Charles Perkins says there’s nothing special about him – but we beg to disagree.
Deaf since the age of two, Charles struggled with securing and keeping a job despite his obvious motivation and enthusiasm to work. People who are unaccustomed to working with individuals with sensory impairments can have misconceptions about communication and its impact on an individual’s skills. Although Charles had a series of temporary or part-time jobs, he could not find employment that would support full independence – until he found PRIDE.

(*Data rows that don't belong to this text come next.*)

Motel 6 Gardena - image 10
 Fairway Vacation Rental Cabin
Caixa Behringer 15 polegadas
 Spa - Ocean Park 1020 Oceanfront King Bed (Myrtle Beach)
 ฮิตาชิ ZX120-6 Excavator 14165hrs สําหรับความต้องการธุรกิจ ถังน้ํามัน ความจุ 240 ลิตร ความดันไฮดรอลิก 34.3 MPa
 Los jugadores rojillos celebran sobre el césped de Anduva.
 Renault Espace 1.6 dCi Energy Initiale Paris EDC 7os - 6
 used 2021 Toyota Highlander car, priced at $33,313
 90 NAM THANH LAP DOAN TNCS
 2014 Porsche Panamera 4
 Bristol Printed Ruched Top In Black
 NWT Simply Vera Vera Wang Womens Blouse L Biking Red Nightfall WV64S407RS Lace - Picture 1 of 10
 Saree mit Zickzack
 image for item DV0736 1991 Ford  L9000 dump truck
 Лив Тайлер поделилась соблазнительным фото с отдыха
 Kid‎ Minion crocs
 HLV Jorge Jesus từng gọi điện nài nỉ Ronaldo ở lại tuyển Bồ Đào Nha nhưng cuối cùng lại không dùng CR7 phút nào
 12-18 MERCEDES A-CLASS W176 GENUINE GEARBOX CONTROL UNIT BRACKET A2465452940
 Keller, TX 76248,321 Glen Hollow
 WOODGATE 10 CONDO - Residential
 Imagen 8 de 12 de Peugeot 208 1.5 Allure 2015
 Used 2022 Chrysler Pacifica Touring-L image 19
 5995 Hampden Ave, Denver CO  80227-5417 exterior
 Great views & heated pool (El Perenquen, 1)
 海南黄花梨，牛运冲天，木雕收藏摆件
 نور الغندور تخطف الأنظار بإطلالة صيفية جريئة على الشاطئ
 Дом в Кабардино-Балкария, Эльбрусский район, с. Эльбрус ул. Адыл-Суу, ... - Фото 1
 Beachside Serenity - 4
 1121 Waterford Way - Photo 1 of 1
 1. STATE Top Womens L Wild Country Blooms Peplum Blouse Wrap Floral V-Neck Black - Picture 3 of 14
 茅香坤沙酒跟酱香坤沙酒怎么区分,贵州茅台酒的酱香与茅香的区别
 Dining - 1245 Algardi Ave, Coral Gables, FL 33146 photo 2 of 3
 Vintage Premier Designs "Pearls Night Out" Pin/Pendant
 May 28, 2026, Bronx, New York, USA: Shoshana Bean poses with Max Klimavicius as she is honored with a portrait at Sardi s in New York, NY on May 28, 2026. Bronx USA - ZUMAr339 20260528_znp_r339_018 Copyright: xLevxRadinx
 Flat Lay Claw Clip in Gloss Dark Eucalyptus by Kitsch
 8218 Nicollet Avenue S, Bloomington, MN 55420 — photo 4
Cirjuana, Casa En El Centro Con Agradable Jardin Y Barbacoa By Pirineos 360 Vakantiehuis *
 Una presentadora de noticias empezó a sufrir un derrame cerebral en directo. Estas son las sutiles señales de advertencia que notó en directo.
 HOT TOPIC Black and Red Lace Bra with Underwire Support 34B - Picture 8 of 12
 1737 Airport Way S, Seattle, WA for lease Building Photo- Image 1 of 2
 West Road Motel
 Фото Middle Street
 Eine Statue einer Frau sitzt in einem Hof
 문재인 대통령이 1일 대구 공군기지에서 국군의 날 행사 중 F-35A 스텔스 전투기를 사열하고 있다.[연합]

Charles joined PRIDE in 2009, referred by Louisiana Rehabilitation Services (LRS). During the interview, he was provided with an American Sign Language (ASL) interpreter. This was the first time a potential employer had provided even this simple accommodation in order to learn more about him. His resume pointed to some experience with carpentry and plumbing, and a strong aptitude for electrical work. He began as a Maintenance Trades Helper on PRIDE Industries’ contract providing base operating support services to Ft. Polk. He was promoted within three months to General Maintenance Worker in the Electric Shop.
Given time and a chance to prove his skills, it was clear that Charles’ expertise in facilities maintenance was much more diverse than we knew. He excelled at his work, earning a folder full of awards including Most Improved Employee of the Quarter, 2011, Most Improved Employee of the Year, 2011, and numerous recognition awards for positive customer feedback over the years.
He was provided with an ASL interpreter early in his employment with PRIDE, but found it unnecessary. He excels at reading lips, and makes effective use of TDD lines for phone communication, as well as e-mail and texting – a very simple accommodation. Advances in assistive technology are occuring at a rapid rate, and have opened up opportunities for individuals with sensory impairments that didn’t exist even a few years ago. Smart phones and tablets enabled with text-to-speech, speech-to-text, and video relay services free individuals with disabilties to work in the field, and communicate directly with their peers and customers.
In June 2012 Charles earned promotion to Quality Control Inspector. “He is a real go-getter,” his supervisor says. “He arrives early and you just can’t stop him. He likes to be hands on and in the field.”
During National Disability Employment Awareness Month, we celebrate successes like Charles who have moved from dependence, to independence with the help of a few tools, support and training – and most importantly, the opportunity to prove what he could do.